Aside from the core functionality in Python, which allows for a wide range of computing tasks, there is also a large number of packages (sets of functions) that can be downloaded and installed via PyPI, the Python Package Index.
Our installation of Python 3 includes pip, which is a package manager used to install packages from PyPI. With our homebrew installed Python 3, 'pip3' is the alias to be used when we want pip to add packages to the Python 3 installation. If you changed the aliases in the end of part 1 of this tutorial, 'pip' on your computer will always point to pip3 (which is good).
Note that packages are installed at the bash prompt ('$') and not in Python ('>>>'). A key package for doing data science in Python is pandas.

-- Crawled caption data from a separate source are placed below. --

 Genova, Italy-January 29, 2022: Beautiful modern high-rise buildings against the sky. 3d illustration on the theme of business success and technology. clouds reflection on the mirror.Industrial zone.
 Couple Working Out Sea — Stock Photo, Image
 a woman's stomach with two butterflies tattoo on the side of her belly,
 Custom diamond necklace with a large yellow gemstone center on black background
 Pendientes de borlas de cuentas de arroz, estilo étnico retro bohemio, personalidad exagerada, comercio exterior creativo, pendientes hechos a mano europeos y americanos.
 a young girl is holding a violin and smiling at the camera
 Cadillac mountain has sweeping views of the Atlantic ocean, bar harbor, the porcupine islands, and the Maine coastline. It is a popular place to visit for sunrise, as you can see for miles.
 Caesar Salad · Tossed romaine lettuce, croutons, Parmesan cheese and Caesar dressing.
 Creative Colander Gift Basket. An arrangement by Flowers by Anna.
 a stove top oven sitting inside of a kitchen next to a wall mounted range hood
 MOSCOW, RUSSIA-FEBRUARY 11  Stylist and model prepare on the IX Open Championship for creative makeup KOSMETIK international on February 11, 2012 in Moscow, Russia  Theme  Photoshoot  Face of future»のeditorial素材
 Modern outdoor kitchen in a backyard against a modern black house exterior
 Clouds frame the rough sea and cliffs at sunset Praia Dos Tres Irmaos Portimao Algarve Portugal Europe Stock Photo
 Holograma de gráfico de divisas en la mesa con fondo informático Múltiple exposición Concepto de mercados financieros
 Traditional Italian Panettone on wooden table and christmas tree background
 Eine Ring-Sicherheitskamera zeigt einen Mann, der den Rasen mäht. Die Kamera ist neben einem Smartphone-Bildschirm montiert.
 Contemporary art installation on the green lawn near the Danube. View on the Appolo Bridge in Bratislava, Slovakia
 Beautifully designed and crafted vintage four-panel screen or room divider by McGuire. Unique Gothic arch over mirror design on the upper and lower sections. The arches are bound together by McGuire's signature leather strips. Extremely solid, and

To install pandas, enter this at the bash prompt:
$ pip install pandas
Whenever we are working in Python, and need a package that we don't have installed, we must install it like this, using pip3 in the bash shell. Every now and then it is also good to upgrade pip:
$ pip install --upgrade pip
If you get error messages about not having sufficient access to install a package, then use 'sudo' (superuser "do") and enter your macOS password when prompted:
$ sudo pip install pandas
$ pip install jupyter $ pip install gensim $ pip install tweepy $ pip install networkx $ pip install fb_scrape_public
An especially useful package for text analysis is NLTK (Natural Language Toolkit), which demands an extra setup step. First do the usual:
$ pip install nltk
Then, type 'python' in Terminal to launch Python. In Python, import nltk, then run its download script. In the graphical user interface, choose to install the 'popular' bits. You can run the downloader again whenever you need to add something.
$ python >>> import nltk >>> nltk.download()